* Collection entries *
[Start of Attachment]

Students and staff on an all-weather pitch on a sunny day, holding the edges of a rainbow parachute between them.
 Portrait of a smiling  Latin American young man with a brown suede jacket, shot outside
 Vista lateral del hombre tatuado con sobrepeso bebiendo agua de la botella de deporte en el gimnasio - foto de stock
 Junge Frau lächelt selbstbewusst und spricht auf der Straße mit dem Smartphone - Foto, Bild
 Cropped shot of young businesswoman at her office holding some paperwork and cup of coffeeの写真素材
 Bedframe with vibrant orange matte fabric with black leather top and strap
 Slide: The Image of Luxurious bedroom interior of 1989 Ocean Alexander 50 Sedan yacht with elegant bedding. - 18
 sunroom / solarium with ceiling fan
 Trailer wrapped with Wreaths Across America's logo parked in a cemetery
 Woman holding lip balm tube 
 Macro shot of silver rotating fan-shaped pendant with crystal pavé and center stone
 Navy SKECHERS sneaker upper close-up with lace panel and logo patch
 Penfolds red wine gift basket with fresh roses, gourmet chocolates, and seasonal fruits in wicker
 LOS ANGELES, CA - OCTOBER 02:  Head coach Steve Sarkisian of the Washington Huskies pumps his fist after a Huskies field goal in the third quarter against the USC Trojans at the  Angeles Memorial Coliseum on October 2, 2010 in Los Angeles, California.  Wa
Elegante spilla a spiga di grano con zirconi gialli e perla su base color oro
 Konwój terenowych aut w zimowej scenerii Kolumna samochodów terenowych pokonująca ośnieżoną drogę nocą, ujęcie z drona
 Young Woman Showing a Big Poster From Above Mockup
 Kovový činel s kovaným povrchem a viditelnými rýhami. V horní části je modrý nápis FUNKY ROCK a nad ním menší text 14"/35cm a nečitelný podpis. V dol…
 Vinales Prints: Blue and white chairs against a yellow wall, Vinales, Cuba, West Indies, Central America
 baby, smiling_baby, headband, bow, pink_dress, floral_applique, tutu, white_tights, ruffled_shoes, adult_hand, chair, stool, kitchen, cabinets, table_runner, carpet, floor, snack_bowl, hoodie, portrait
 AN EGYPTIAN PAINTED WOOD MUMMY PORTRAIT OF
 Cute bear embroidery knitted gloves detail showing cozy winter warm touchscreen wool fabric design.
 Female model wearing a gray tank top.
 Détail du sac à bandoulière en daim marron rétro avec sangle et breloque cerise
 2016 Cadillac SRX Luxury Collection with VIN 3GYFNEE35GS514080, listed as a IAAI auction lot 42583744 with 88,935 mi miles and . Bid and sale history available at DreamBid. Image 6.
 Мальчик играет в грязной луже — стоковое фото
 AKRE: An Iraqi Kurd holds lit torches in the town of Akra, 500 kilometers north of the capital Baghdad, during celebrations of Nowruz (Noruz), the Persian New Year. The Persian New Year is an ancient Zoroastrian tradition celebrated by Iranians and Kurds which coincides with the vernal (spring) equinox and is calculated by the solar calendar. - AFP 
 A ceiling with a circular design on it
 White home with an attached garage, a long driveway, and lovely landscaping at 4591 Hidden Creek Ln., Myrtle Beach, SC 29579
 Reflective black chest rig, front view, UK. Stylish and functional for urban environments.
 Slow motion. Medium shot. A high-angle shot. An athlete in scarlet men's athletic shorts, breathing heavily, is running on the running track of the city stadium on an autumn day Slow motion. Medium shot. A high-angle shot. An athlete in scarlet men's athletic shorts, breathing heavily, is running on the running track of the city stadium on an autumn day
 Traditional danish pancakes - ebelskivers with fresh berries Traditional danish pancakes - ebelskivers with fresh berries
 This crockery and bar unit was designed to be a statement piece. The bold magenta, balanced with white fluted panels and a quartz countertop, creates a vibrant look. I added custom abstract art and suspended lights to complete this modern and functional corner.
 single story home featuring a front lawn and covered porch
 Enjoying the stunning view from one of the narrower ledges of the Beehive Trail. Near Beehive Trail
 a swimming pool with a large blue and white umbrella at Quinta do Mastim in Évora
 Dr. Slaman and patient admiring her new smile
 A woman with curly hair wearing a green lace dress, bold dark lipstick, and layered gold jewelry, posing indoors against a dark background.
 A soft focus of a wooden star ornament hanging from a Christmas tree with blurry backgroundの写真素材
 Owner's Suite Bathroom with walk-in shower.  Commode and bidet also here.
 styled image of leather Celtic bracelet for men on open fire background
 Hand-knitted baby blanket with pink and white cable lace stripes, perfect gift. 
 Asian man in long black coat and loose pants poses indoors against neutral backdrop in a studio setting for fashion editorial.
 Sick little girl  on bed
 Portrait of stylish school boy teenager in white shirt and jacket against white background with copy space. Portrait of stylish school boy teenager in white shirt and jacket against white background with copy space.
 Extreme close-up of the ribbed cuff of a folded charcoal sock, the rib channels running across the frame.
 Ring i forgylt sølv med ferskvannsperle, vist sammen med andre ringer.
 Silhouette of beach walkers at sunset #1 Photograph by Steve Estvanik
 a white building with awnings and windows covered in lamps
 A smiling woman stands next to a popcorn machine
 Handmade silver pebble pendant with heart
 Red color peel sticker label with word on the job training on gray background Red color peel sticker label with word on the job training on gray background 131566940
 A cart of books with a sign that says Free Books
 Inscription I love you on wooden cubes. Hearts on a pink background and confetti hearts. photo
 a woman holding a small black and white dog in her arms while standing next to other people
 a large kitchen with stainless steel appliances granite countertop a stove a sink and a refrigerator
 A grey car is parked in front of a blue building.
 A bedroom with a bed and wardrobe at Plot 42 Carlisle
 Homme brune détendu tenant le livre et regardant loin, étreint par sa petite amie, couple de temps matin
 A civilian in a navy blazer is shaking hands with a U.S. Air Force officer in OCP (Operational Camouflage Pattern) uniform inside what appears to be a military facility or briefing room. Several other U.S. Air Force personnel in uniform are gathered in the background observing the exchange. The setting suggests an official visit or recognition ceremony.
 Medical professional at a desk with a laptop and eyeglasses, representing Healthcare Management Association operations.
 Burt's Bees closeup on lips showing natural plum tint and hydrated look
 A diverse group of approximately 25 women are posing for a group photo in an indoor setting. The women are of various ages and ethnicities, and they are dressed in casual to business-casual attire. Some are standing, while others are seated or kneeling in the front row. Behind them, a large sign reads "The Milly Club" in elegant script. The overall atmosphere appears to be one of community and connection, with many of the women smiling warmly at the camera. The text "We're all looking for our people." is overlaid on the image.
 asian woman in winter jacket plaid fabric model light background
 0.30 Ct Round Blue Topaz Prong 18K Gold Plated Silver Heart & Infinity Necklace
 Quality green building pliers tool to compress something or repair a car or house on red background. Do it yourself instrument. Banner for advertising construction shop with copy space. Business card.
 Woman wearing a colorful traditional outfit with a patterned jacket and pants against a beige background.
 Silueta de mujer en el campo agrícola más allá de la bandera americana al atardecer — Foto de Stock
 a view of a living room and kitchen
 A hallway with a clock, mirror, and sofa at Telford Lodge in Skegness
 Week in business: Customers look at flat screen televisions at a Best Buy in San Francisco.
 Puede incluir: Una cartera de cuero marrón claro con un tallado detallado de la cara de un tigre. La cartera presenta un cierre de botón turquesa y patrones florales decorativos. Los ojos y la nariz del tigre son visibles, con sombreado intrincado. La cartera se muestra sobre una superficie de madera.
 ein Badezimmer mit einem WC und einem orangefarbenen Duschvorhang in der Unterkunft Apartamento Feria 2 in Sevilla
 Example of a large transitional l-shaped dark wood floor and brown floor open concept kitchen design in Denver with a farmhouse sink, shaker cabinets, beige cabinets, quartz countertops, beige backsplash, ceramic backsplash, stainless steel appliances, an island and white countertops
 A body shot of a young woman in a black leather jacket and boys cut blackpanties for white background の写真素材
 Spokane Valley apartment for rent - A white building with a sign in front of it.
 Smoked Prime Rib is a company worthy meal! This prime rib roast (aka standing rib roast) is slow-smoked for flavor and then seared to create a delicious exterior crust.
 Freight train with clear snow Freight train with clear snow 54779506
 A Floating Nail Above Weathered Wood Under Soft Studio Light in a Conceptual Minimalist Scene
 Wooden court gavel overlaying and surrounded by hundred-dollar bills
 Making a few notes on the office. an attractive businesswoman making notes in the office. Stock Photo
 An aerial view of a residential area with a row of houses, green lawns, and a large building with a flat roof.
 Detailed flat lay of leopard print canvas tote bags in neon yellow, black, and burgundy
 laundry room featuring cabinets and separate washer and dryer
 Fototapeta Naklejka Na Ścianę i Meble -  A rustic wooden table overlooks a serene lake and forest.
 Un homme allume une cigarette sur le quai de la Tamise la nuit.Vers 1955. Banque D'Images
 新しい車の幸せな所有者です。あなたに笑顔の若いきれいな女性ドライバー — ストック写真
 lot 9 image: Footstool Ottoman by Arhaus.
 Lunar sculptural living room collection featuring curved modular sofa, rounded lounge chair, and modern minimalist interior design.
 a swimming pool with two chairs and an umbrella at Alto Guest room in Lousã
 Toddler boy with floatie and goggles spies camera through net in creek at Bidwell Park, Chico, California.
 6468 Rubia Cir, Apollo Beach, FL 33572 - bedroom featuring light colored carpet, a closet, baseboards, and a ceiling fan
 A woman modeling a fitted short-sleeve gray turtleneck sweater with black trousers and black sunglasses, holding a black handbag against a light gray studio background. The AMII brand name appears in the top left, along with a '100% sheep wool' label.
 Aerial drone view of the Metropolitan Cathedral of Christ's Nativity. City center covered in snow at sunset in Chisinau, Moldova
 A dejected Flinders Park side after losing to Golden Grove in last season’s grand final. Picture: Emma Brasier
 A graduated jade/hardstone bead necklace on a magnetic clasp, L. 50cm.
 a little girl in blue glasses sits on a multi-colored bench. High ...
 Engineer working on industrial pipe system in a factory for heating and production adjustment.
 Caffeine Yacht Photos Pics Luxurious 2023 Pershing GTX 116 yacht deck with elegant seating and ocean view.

[End of Attachment]

* YOUR OBJECTIVE *
Set down, word for word, each line from the top of the records above through the line with "Vista lateral del".

* SOLUTION BELOW *
Students and staff on an all-weather pitch on a sunny day, holding the edges of a rainbow parachute between them.
 Portrait of a smiling  Latin American young man with a brown suede jacket, shot outside
 Vista lateral del hombre tatuado con sobrepeso bebiendo agua de la botella de deporte en el gimnasio - foto de stock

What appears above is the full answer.